I received an email today from Tessie who asks:
I was wondering if I could ask for your expert advice regarding professionally dying a Guipure lace vintage dress? As a bridesmaid I have to match my dress for an upcoming wedding and wasn’t sure who to trust for the task. I would appreciate any information you might have as I know restoration is a specialty at Circa.
Tessie, how well the fabric will dye depends on it’s composition. If the lace is a natural fibre (eg cotton, silk, wool) you will get a good result. If it’s rayon, you will get a close result and if it’s a synthetic (polyester), it won’t dye well at all.
You don’t say how old your dress is, but if it’s a ’50s or ’60s dress, it’s probably rayon lace which should dye fairly well – but if it’s been sewn with polyester or a cotton/poly blend, the stitching will come up a different colour. Also, the existing colour will limit the range of colours you can dye it – the stronger or darker the colour, the less colours that will cover it.
You don’t say where you are, but I recommend that you talk to a professional dyer for advice. Also (very important) clean the dress before you get it dyed. If you don’t have anyone in mind, try the yellow pages.
There’s another issue that you might like to consider: if your dress is lined, and the lining is a different textile, either the lace or the lining might shrink and you end up with different hem lengths. A professional dyer should take into account the needs of the fabric and use the right dye and water temperature: some old fabrics shrink.
I don’t generally recommend dyeing old garments unless they are a lost cause – the risks of damaging the garment are high. If you’re not sure if it will work for you, you might like to consider incorporating the chosen colour through an overlay or accessories or detailing or something like that. If you like, you could bring it to me to see in the shop and I can give you my opinion.
Now, here is a dress that has been dyed and is currently available from Circa’s webshop.

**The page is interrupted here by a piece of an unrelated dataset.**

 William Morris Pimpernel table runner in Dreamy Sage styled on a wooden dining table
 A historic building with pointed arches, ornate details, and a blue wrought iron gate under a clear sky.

This dress is nylon with an acetate lining – I didn’t realise that it had been dyed when I bought it, or when I hand washed it (because it didn’t run in the cold water) but it became apparent when we ironed it because the colour on the lining fabric is slightly uneven. The acetate has also lost it’s crispness, indicating it’s been washed rather than always dry cleaned.

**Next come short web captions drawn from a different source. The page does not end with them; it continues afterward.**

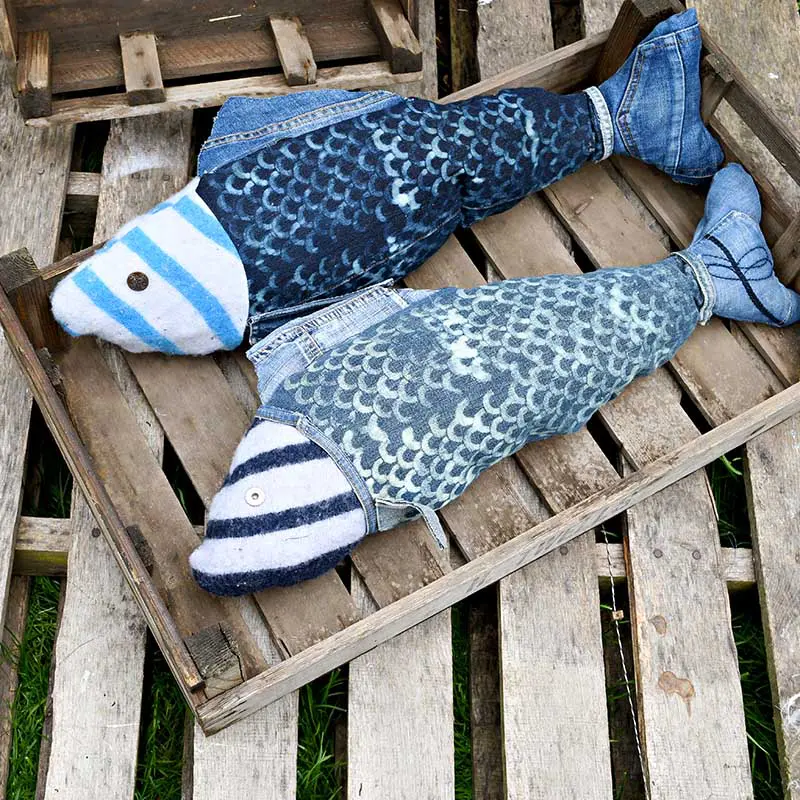 Make a fun and unique repurposed denim fish pillow for your home. Complete with bleached denim scales. Very simple to make, full step by step tutorial with a free pattern included. #diypillow #nauticalcrafts #summercrafts
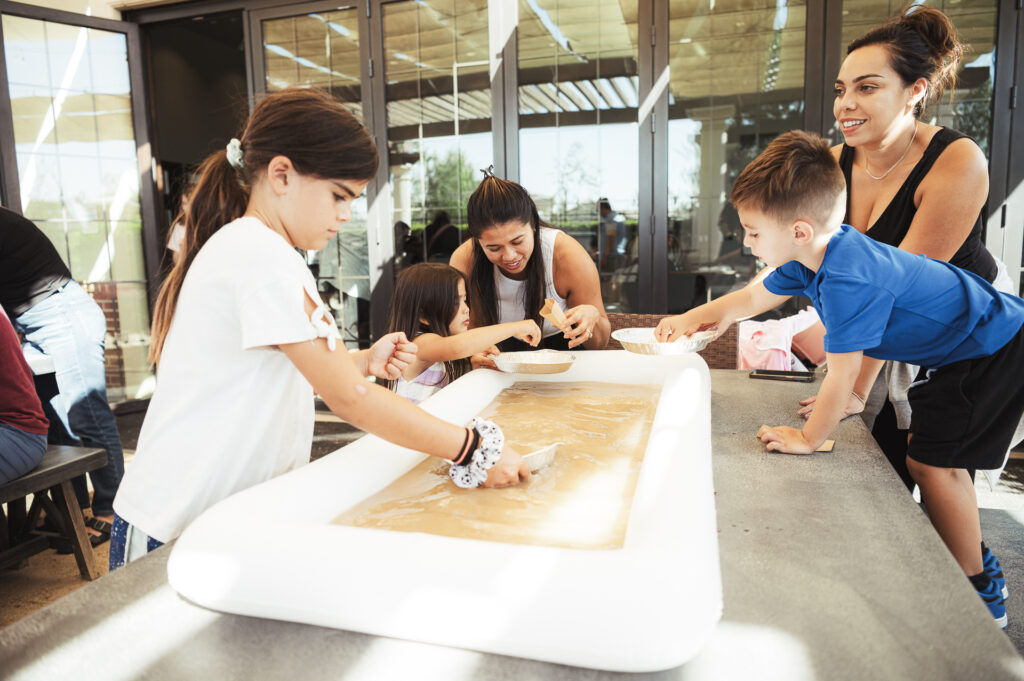 Children and adults gather around a table with a shallow inflatable tray filled with sand and small shovels. They are engaged in a fun, hands-on activity. Natural light from the building's large windows brightens the scene.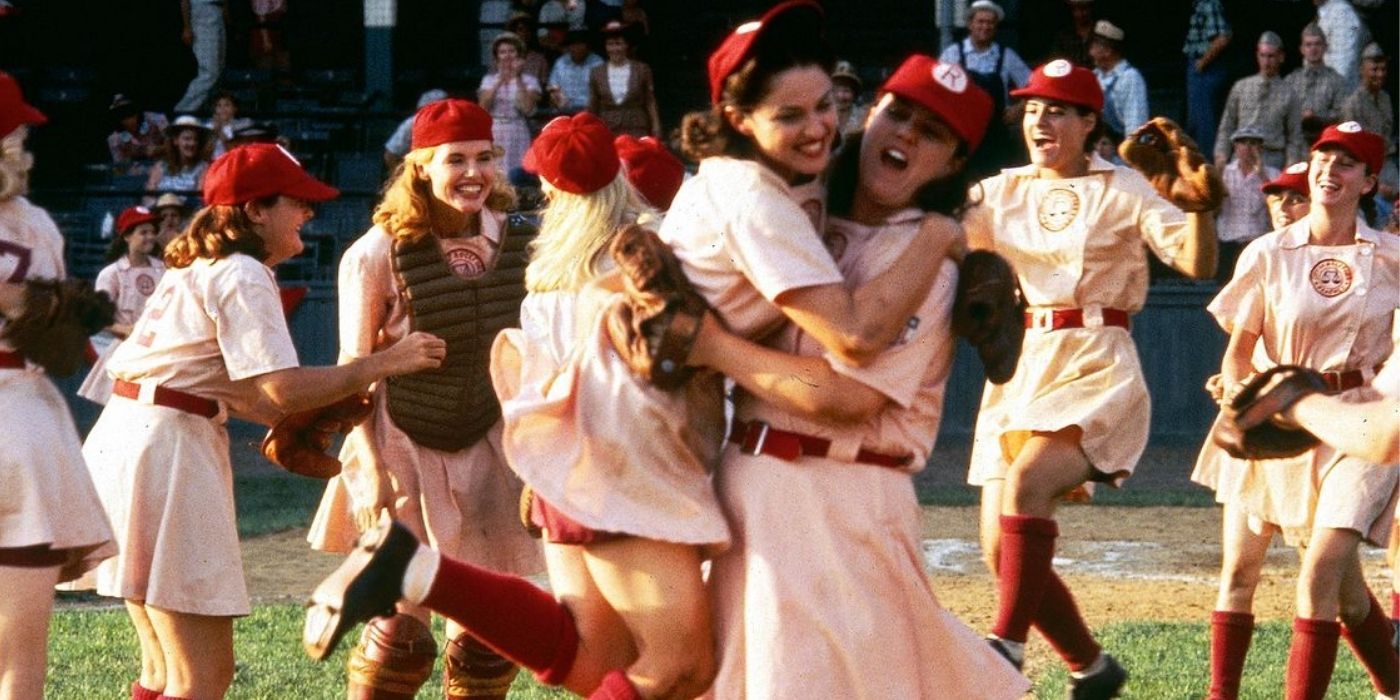 All-female baseball team celebrating together on the baseball field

I suspect it was pink originally.
Here are some giveaways that a vintage garment might have been dyed:
– Uneven colour.
– Different coloured thread or detailing (appliques, lace, buttons etc).

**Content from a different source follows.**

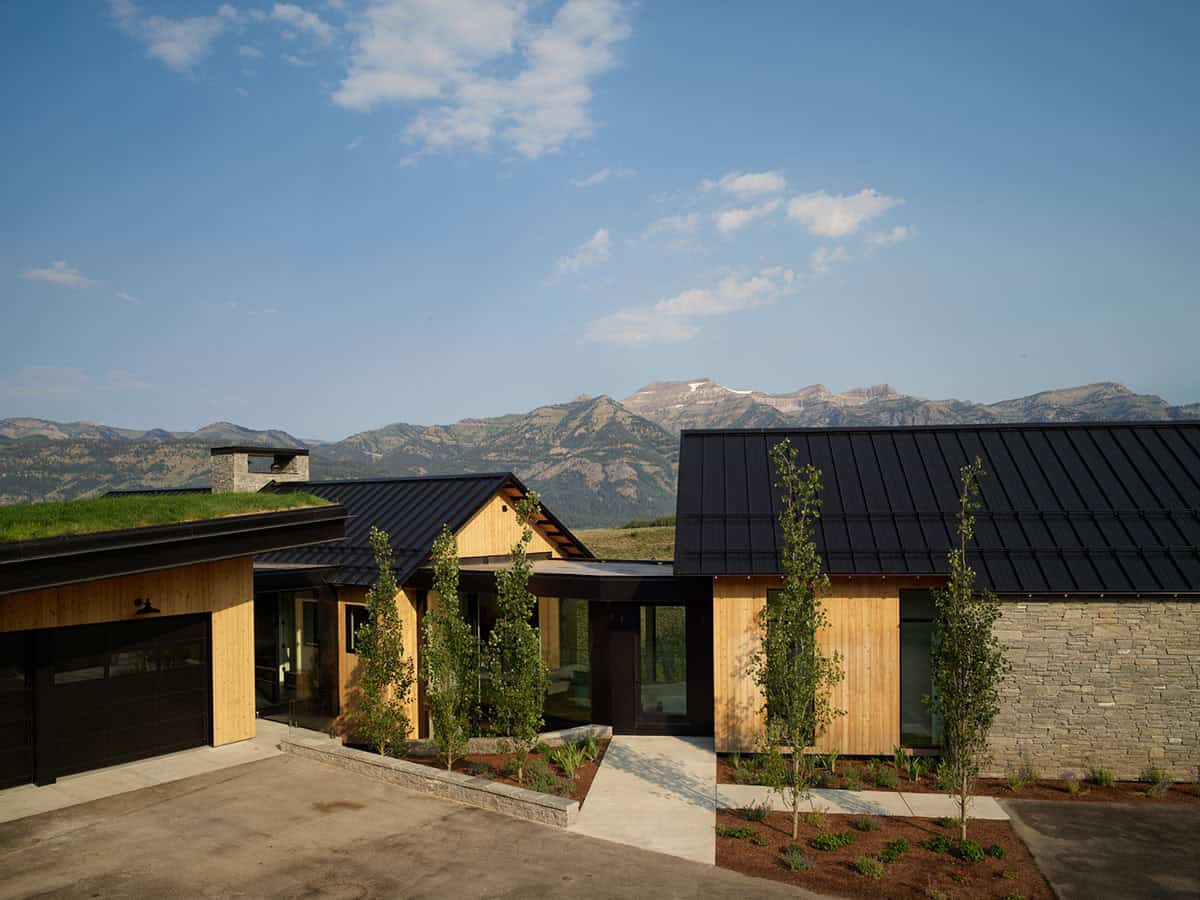 Wood-clad home entrance with black garage door and landscaped walkway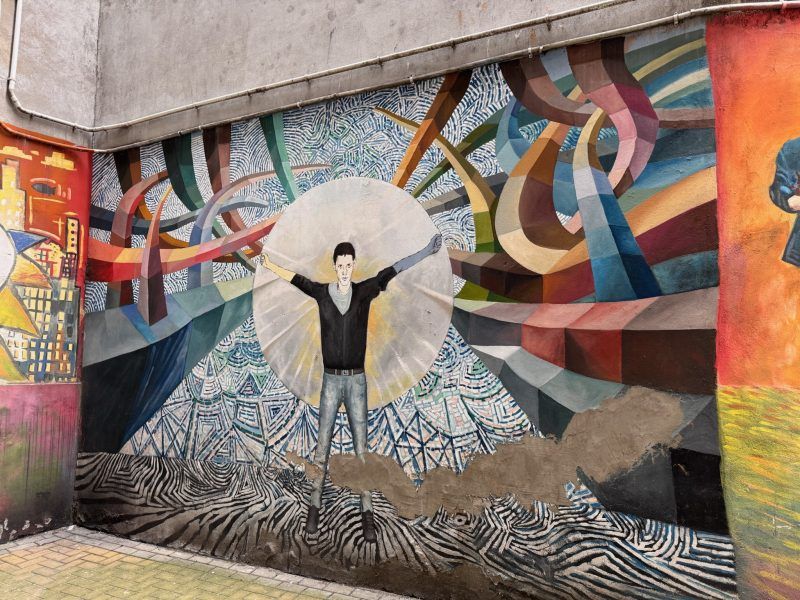 Zdjęcie przedstawia kolorowe podwórka i mural z chłopcem, który ma rozłożone ręce i jest otoczony przez abstrakcyjne figury i linie.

– Label will be similar colour to the garment (if you do dye a garment, I recommend that you remove the label and sew it in again afterwards).
– Loss of crispness from being washed in hot water.
It’s a common misconception that dyeing a garment will remove marks and stains, but usually unless you go for a very dark colour, the marks will still be there, just a different colour. With a dark colour, it will still be there too, but not as noticeable as with a lighter colour.
Dyeing used to be big business but it’s a dying (so to speak) industry – if you’re of the crafty persuasion, you might like to do your own dyeing. You can buy Rit and Dylon dyes from supermarkets and fabric shops, but for the best range and also advice, try Kraft Kolour in Thomastown. They also have some great workshops.